* _Task directions_
In the data below, begin at the line with "Part D: She" and stop after the line with "Hello everyone, I'm"; output those lines exactly and no pictures.

* _Data for this task_

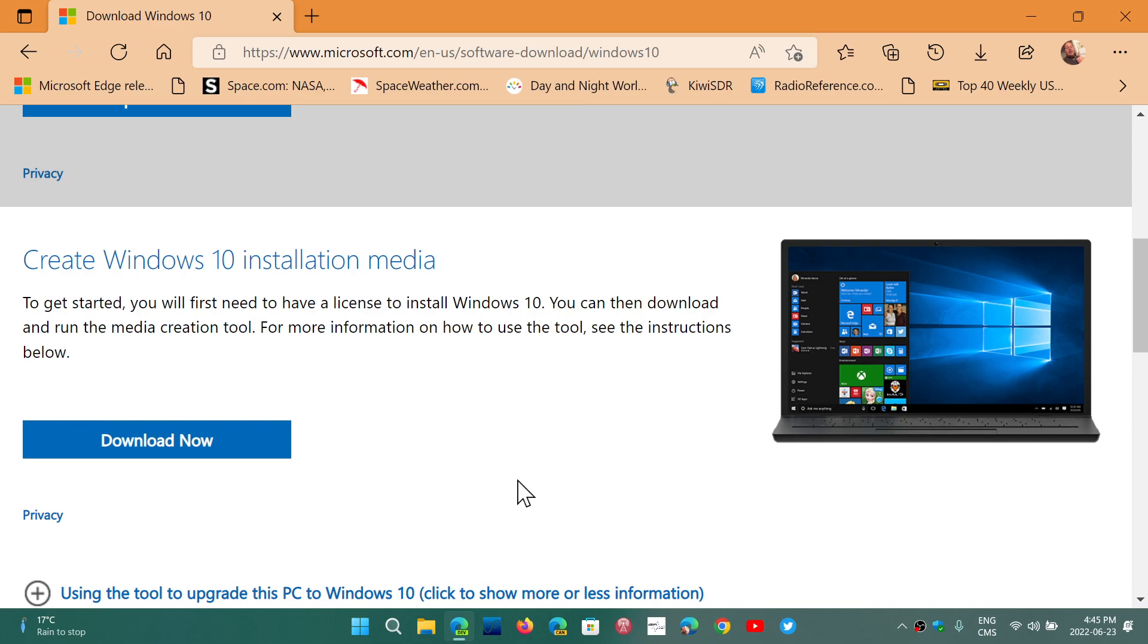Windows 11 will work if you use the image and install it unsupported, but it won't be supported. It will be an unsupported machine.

* * *

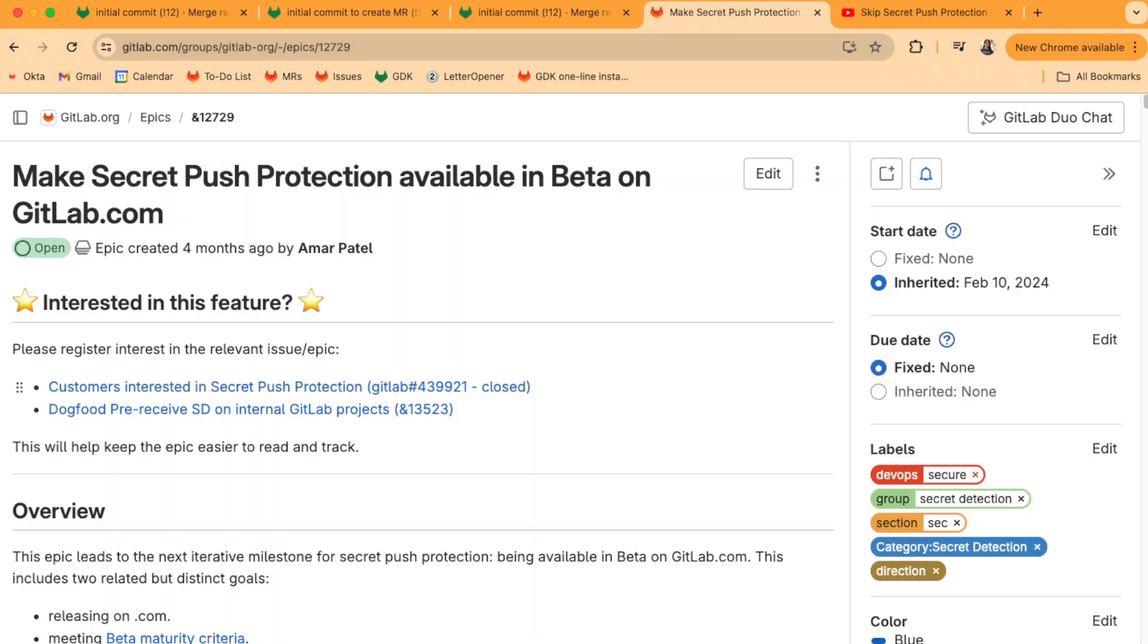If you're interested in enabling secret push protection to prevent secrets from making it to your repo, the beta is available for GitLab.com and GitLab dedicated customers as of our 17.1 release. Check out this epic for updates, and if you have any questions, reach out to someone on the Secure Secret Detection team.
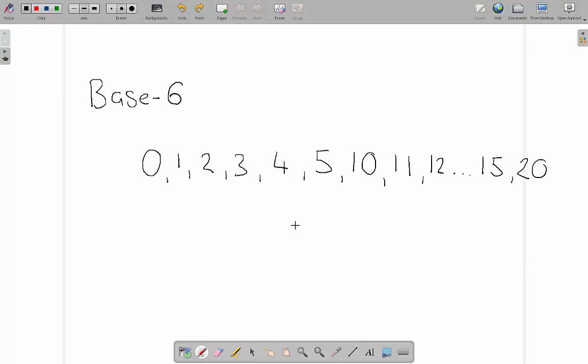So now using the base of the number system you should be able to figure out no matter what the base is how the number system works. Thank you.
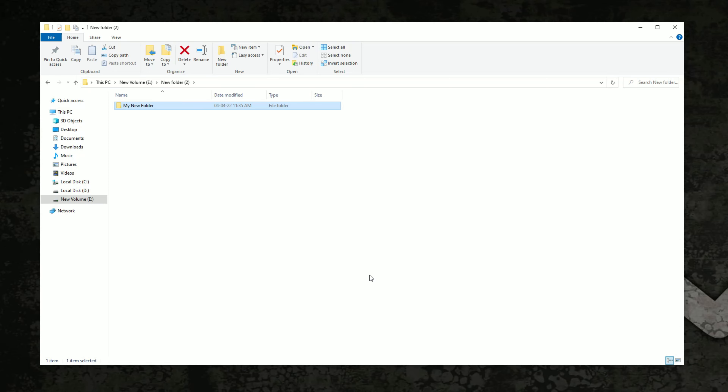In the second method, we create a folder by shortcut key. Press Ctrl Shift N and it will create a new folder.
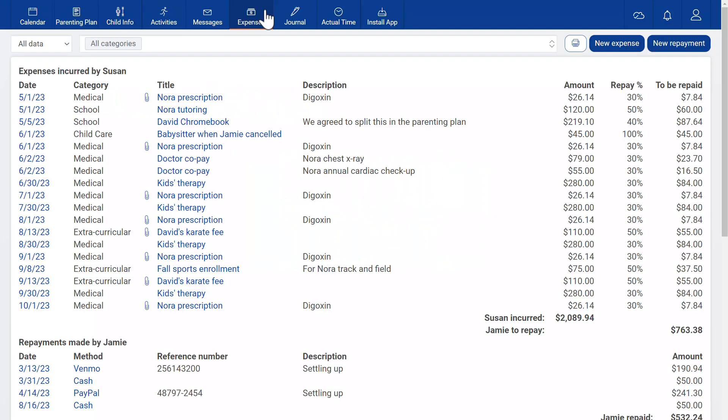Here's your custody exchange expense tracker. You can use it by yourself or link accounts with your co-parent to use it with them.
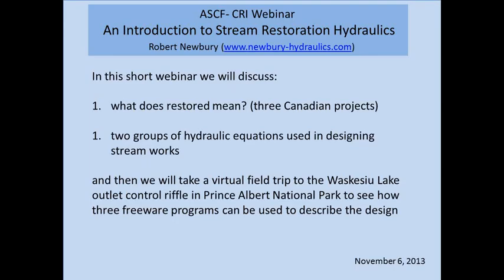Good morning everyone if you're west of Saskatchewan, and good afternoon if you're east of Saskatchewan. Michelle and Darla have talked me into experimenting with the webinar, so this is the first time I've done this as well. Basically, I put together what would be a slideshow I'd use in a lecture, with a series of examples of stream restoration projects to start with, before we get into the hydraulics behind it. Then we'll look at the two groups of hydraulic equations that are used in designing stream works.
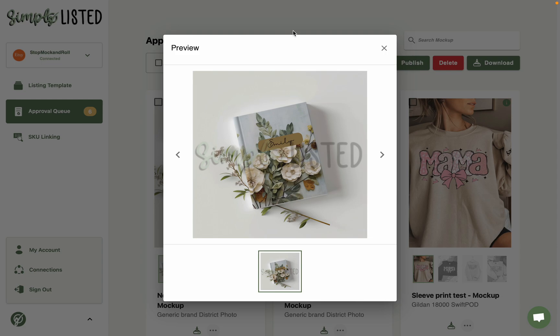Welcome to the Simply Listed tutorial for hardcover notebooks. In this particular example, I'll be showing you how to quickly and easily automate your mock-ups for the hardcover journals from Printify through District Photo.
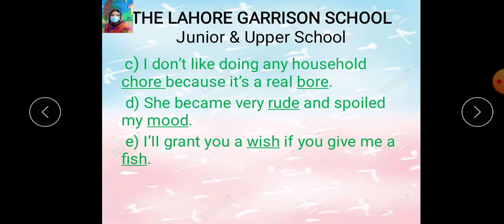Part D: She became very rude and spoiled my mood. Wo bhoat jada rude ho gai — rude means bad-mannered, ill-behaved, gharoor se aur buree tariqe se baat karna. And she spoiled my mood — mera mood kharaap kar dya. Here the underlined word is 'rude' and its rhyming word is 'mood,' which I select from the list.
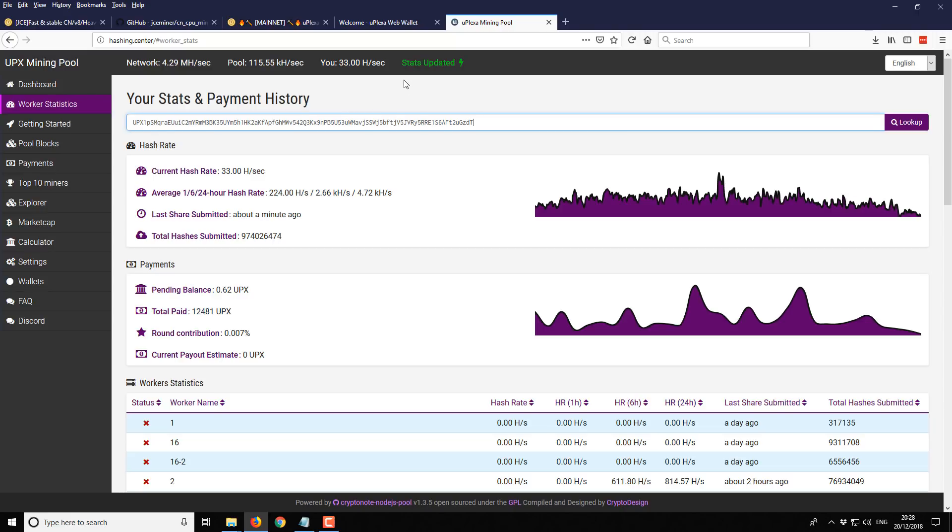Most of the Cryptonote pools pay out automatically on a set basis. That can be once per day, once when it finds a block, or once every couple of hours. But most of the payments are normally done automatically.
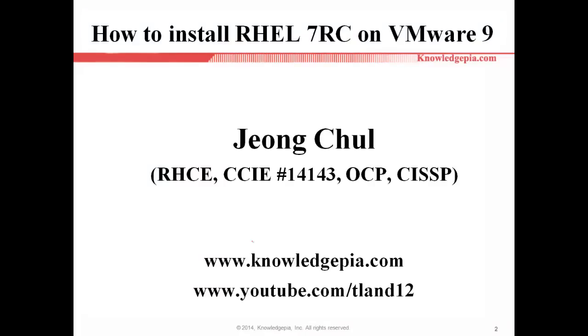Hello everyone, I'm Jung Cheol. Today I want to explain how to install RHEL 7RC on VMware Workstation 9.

* _Answer space_
Part D: She became very rude and spoiled my mood. Wo bhoat jada rude ho gai — rude means bad-mannered, ill-behaved, gharoor se aur buree tariqe se baat karna. And she spoiled my mood — mera mood kharaap kar dya. Here the underlined word is 'rude' and its rhyming word is 'mood,' which I select from the list.
Most of the Cryptonote pools pay out automatically on a set basis. That can be once per day, once when it finds a block, or once every couple of hours. But most of the payments are normally done automatically.
Hello everyone, I'm Jung Cheol. Today I want to explain how to install RHEL 7RC on VMware Workstation 9.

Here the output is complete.